好い作品でした。現代のデザイナーの仕事を垣間見せていただきました。
目が離せない女流作家の層、厚いなあ。男の作家の作品に食指が動きません。
小学生の頃、同級生が「ベルばら」を貸してくれました。結構スピーディな連載で単行本10巻完結。一気に読んだのを記憶しています。彼女たちは、ヨーロッパに行って花や星を描いていたところに、リアルに街や服を描き込み始めました。この時点でも、世界的に見てもこうした表現手段で、ここまでの物語を作り出すことは、他の国にはなかったと思います。メビウスは娘にナウシカと名付けたよう。アラン・ムーアが「フロム・ヘル」を描いたのは1999年くらい。様々な相違があり、同列で並べるのはおかしいのはわかりますが、日本では1970年代前半には、「ベルばら」「トーマ」みたいな作品を小中学生たちが読んでいました。1980年代前半は「花岡ちゃんの夏休み」もあったし、「いろはにこんぺいと」「あいつ」をリアルタイムで読みました。その頃には女流たちは、もはや日本のテロワールをしっかり描いていました。海外に取材に行き、花や星でなく物語で勝負し、70、80年代をまたいで「カリフォルニア物語」の舞台はほぼリアルタイムのニューヨーク。

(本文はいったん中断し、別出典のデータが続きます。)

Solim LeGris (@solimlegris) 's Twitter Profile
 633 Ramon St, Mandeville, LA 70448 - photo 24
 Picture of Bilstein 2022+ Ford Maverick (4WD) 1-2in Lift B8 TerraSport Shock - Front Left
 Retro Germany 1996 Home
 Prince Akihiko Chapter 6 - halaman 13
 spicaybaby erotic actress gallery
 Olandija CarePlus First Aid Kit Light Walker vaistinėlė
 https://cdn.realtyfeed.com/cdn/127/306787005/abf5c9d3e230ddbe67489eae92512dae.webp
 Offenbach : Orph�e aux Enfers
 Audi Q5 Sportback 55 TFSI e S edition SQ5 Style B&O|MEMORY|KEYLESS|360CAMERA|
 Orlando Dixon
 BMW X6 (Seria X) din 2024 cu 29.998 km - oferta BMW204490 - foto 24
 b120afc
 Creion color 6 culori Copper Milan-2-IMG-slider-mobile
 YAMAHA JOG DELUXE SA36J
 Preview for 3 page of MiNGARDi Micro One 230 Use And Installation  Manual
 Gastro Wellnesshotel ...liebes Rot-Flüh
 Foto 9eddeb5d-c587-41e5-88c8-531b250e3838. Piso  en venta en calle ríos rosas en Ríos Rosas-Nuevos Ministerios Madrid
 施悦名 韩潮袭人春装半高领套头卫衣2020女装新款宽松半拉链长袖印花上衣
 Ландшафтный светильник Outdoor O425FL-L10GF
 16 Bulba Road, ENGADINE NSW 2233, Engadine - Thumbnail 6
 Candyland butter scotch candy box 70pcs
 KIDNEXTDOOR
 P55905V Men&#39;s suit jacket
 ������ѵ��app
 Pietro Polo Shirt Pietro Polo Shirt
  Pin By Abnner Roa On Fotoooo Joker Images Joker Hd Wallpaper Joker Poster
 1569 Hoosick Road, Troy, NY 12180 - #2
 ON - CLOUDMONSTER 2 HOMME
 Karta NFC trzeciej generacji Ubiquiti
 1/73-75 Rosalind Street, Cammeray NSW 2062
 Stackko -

「ブロンコ・ビリー」日本公開と同じ年に、「火の鳥2772」「地球へ」「がんばれタブチくん」。
実は「デザインノイロハ」を読みながら「傘寿まり子」と「アルテ」最新刊を読みました。高齢の女流作家の最後の冒険と、17世紀イタリアの女流画家の成長譚。10年後には、どんな作品でわたしたちを驚かせてくれるでしょう。
2019年5月、「長閑の庭」が完結。
最終巻はまあ予想通りほどほどメルヘン、過度にロマンチックにはせず。「年の差」モノゆえに、昔のように背景に花のフレームがあしらわれ。でも「年をとっても人は」やはり「花」があっても好いかな。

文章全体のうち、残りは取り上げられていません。